Die Geschichte ist aber sichtlich nur Vorwand für anderes. Das Drama ist mit wenigen Strichen und schnell verstehbaren Klischees gezeichnet. Hier der Geschäftsmann in der Großstadt, der sich in den Kabeln seiner diversen Telefone verheddert, dort die junge, unabhängige Bergfrau, die wie eine Gämse jeden Berg zu erklimmen weiß und die impulsiv den Bewerbern vor den Kopf stößt. Für ein paar Scherze und ein wenig Drama ist das gut, vor allem aber ist es das karge Skelett, an dem Fanck und Co. anbringen, was sie wirklich interessiert.
Cheap Thrills wie bei Chaplin und Keaton

Zum Beispiel ins Bild zu setzen, wie Menschen die Natur meistern. Anders als in Die weiße Hölle vom Piz Palü (1929) geht es hier aber nicht um einen existentiellen Abnutzungskampf. Sind die Landschaften bei Fanck auch eigentlich immer Protagonisten – Tirol im Allgemeinen und die Dolomiten im Speziellen werden als Drehorte direkt im Vorspann genannt –, stehen sie hier weniger imposant im Bild. Ihre Unbezwingbarkeit wird begrenzt, damit die Menschen an ihnen glänzen können.
Die Natur beschränkt sich größtenteils auf steile Felshänge, die erklommen werden, und Skipisten, die hinabgeschossen wird. Während in der ersten, größeren Hälfte unsere drei Protagonisten also meterhohe Felsformationen erklimmen und sich ein Rennen in die Höhe liefern, muss Michael im zweiten Teil für das Rennen und den Sieg in der Liebe in einer ausladenden Sequenz aberwitzige Abhänge runter und wilde Sprünge vollführen – oder es ist gleich das ganze, nicht gerade kleine Verfolgerfeld, das in zu bestaunenden Massenszenen durch die weißen Felder durcheinanderjagt.

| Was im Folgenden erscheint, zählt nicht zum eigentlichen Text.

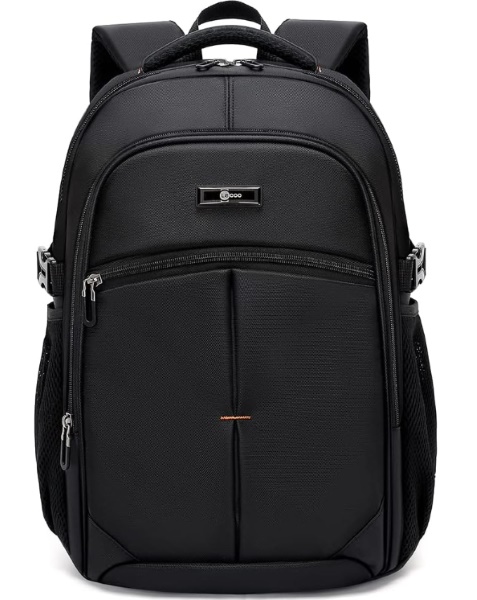 Mochila p/ Notebook 15.6' BG02 Preta Lecco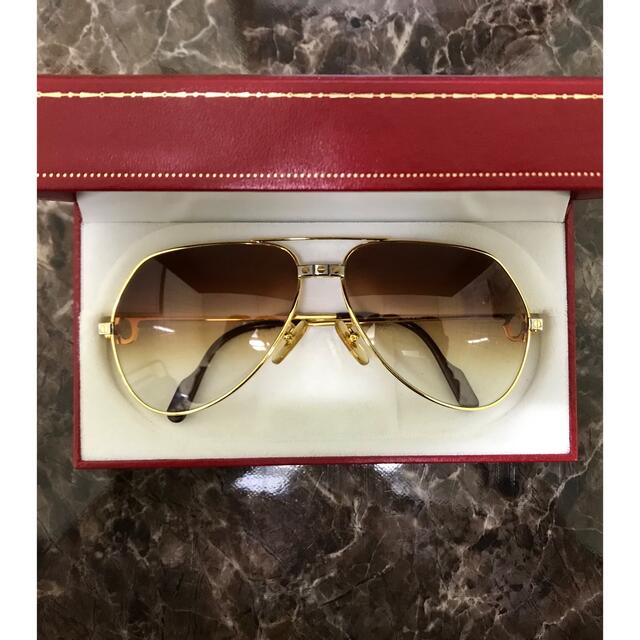 高評価お得 Cartier - 超希少!! Cartier カルティエ ヴィンテージ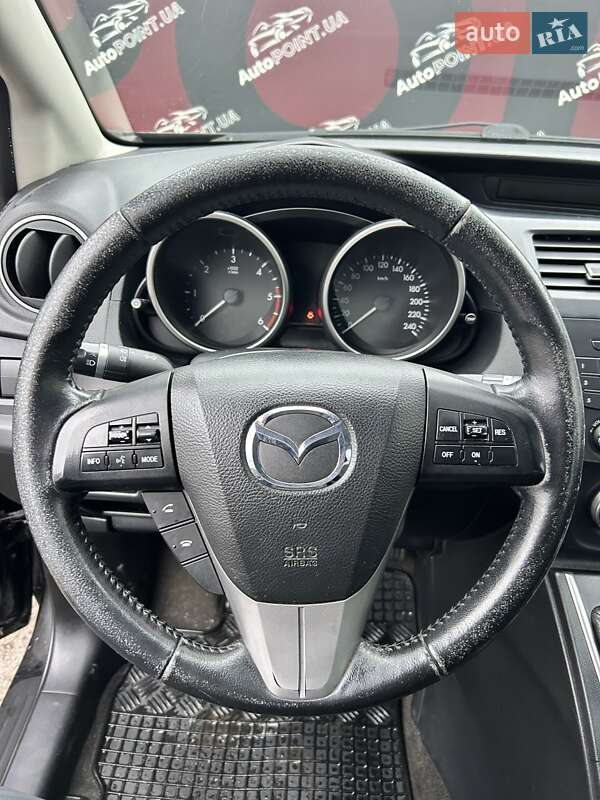 Мінівен Mazda 5 2011 в Сумах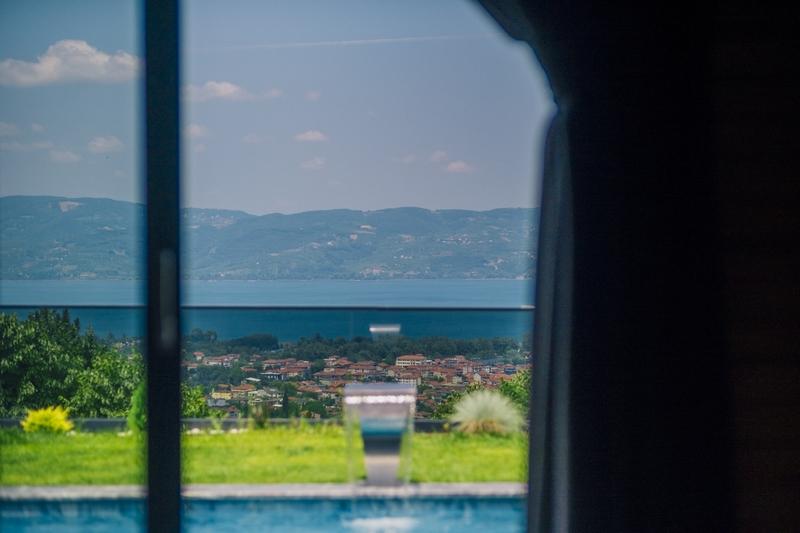 Deluxe Bungalow,Göl Manzaralı,Isıtmalı Özel Havuzlu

Heißt: Leni Reifenstahl (barfuß) und Luis Trenker (mit Schuhen) steilabfallende Wände erklimmen zu sehen, ist simpler, aber höchst effektiver Thrill. Wo Chaplin in Moderne Zeiten (Modern Times, 1936) auf Rollschuhen und mit Augenbinde am Abgrund entlangfährt oder Harold Lloyd in Ausgerechnet Wolkenkratzer (Safety Last!, 1923) am Uhrzeiger vom Wolkenkratzer hängt, dann ist das ausgefeilte Tricktechnik. Wenn Buster Keaton in Steamboat Bill jr. (1928) eine Hauswand auf sich fallen lässt, die ihn nur nicht trifft, weil er am Landeplatz eines kleinen Fensters steht, oder wenn eben die drei Schauspieler hier klettern, dann liegt der Nervenkitzel in der realen Möglichkeit des Todes.
Dieser Möglichkeit zersplitterter Knochen wird aber eben ins Gesicht gelacht. Michael will etwa seinen Sieg beim Skifahren auch damit sichern, dass er sich einen mit Helium gefüllten Fatsuit anzieht, damit er besser über die Hindernisse hinwegfliegt. Was zuvorderst heißt, dass Hans Schneeberger nicht einfach nur Erstaunliches leistet, sondern dabei auch ziemlich lächerlich aussieht. Und das ist wohl dann die zentrale Intention des Films: Dokumentarisch und möglichst fesselnd wird eingefangen, wie Leute Irrsinn und Quatsch machen. Und die Beteiligten legen dabei eine so hohe Schlagzahl an, dass Der große Sprung fast wie ein Pate für das Hongkongkino der 1980er und 1990er Jahre wirkt.
Unerreichbare Schamlippen

Die letzte Qualität des Films liegt schließlich in seinem Subtext – wobei nicht klar ist, ob da jemand hinter der Kamera wusste, was da gedreht wird, oder ob sich der hanebüchene Symbolismus unterbewusst ins Bild verirrte. Fakt ist aber, dass Leni Riefenstahl immer wieder auf einen meterhohen Steinphallus sitzt und lächelnd auf ihm herumreitet. Dass die Männer ihr zwar auf diesen noch folgen können, sobald sie aber auf zwei noch größere, gebogene Felstürme klettert, die sich oben verbinden und so das Äquivalent zu zwei Schamlippen bilden, dann haben die Männer keine Chance mehr.
Hinzu kommen noch die kleinen Geschwister Gitas, um die sie sich kümmern muss. Zumindest werden sie als Geschwister tituliert. Es gibt aber keine Eltern, und der Altersabstand zwischen den fast gleichaltrigen Kindern und der erwachsenen Frau legt auch noch eine andere Möglichkeit nahe. Sobald die beiden Männer auf das verträumt harmonische, fast cartoonhafte Heim Gitas mit ihren sieben Zwergen treffen, reagieren sie sehr unterschiedlich, mit Flucht beziehungsweise Akzeptanz. Der Kampf der Geschlechter wird zwar nie angesprochen, aber er ist allgegenwärtig und findet immer wieder zu neuen Blüten.